Crawled caption data:
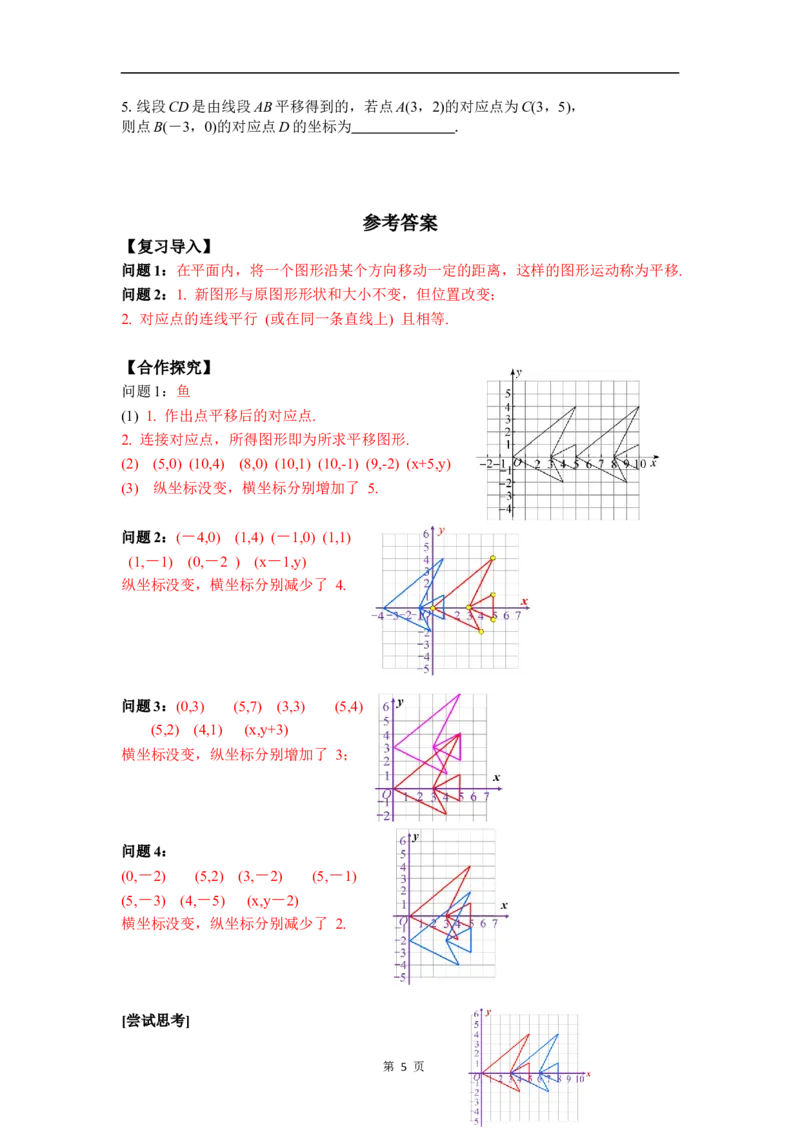 3.1第2课时坐标系中的点沿x轴、y轴的一次平移_北师大初中数学_8下-北师大版初中数学_2026春新版_第二套-东方_01.北师大数学8下第3套课件+教案+导学案26春已更完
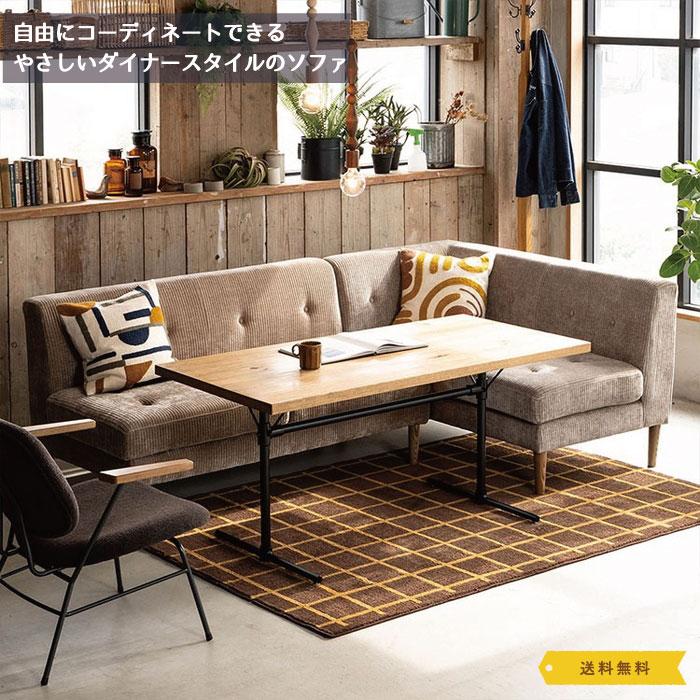 ★アーバンモダン★ オーバルテーブル スチール脚 リビング コーヒー ソファー アーバンモダン・リビングダイニングセット Jurald ジュラルド - 家具
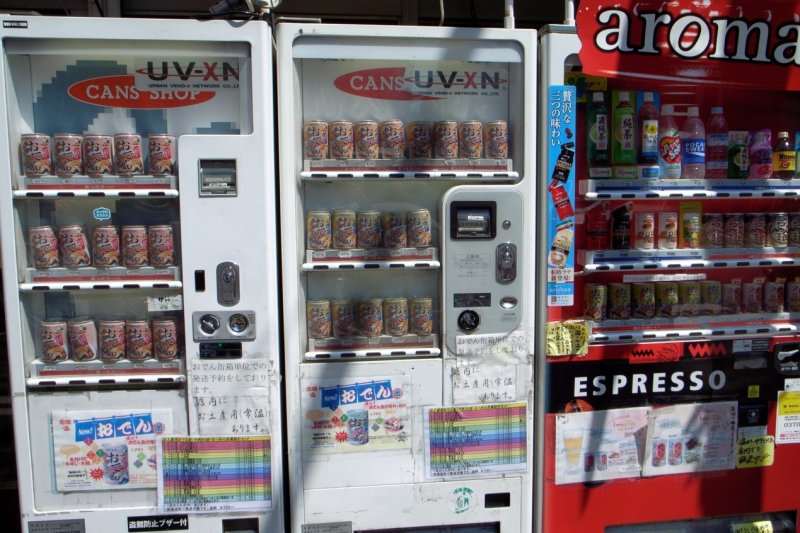 熱時販買機(圖/Funtime提供) 熱時販買機(圖/Funtime提供)
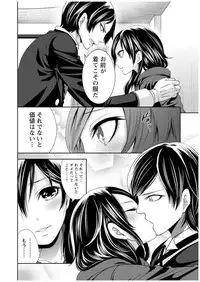 [Miyahara Ayumu] Juumin yo Koigokoro o Idake 1 [Digital]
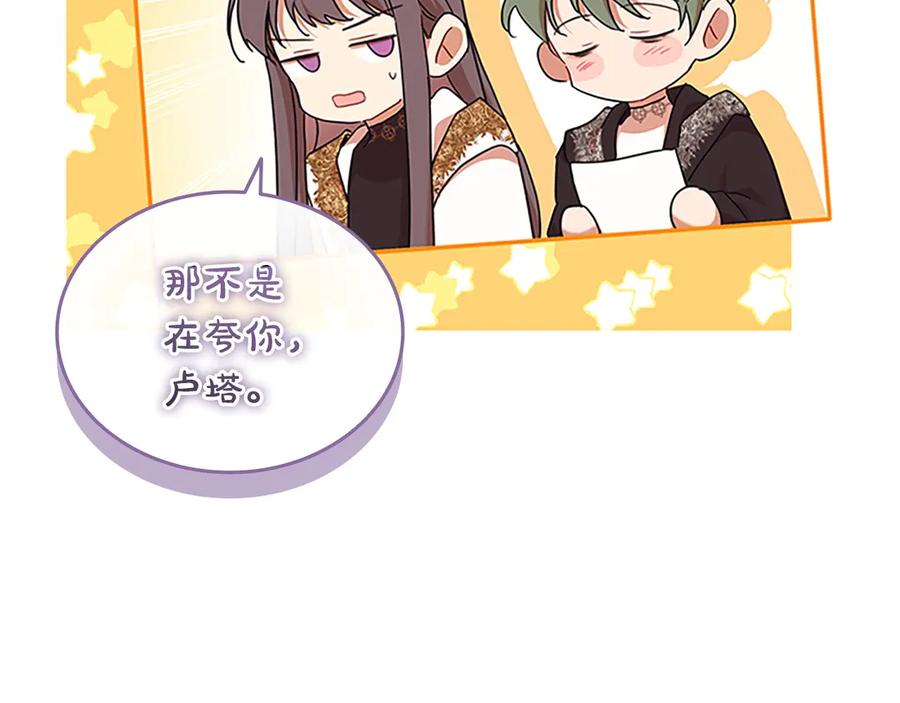奶萌魔力小公主 番外13 单独外出 第195页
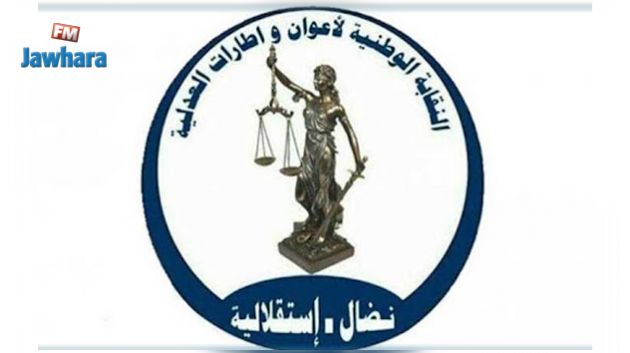 نقابة أعوان وإطارات العدلية ترفض
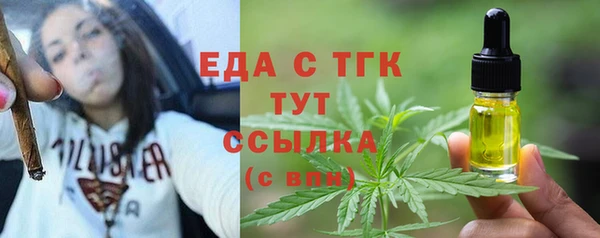 apvp Покачи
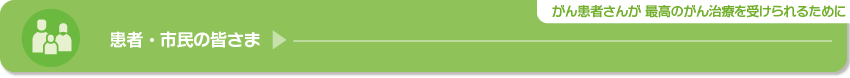 患者・市民の皆さま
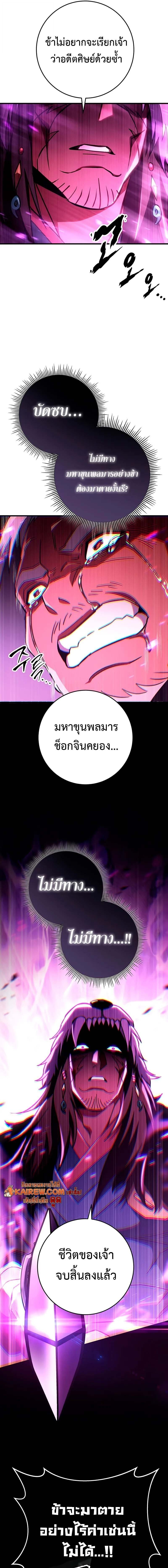 Heavenly Inquisition Sword ตอนที่ 148 5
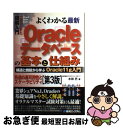 【中古】 図解入門よくわかる最新Oracleデータベースの基本と仕組み 構造と機能から学ぶOracle 11g入門 先進の 第3版 / 水田 巴 / 秀和シス ...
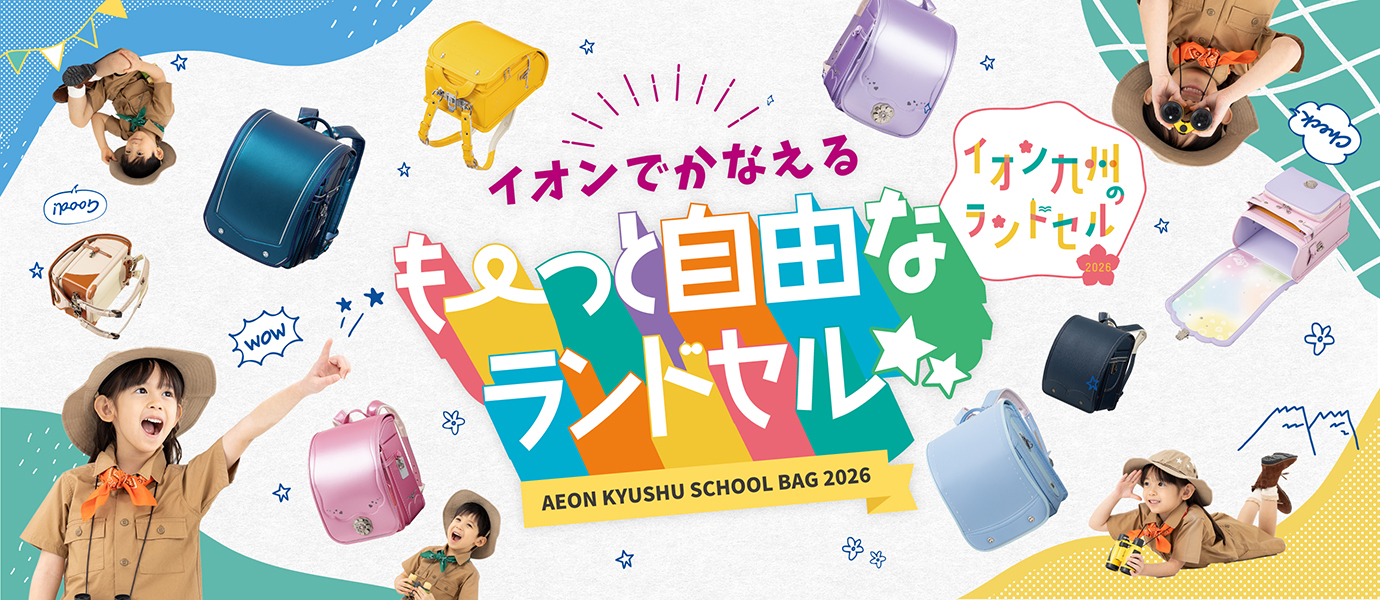 キャンペーン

Task brief:
Reproduce the lines above exactly, please, but not the pictures in them.

Completed exercise:
 3.1第2课时坐标系中的点沿x轴、y轴的一次平移_北师大初中数学_8下-北师大版初中数学_2026春新版_第二套-东方_01.北师大数学8下第3套课件+教案+导学案26春已更完
 ★アーバンモダン★ オーバルテーブル スチール脚 リビング コーヒー ソファー アーバンモダン・リビングダイニングセット Jurald ジュラルド - 家具
 熱時販買機(圖/Funtime提供) 熱時販買機(圖/Funtime提供)
 [Miyahara Ayumu] Juumin yo Koigokoro o Idake 1 [Digital]
奶萌魔力小公主 番外13 单独外出 第195页
 نقابة أعوان وإطارات العدلية ترفض
 apvp Покачи
 患者・市民の皆さま
 Heavenly Inquisition Sword ตอนที่ 148 5
 【中古】 図解入門よくわかる最新Oracleデータベースの基本と仕組み 構造と機能から学ぶOracle 11g入門 先進の 第3版 / 水田 巴 / 秀和シス ...
 キャンペーン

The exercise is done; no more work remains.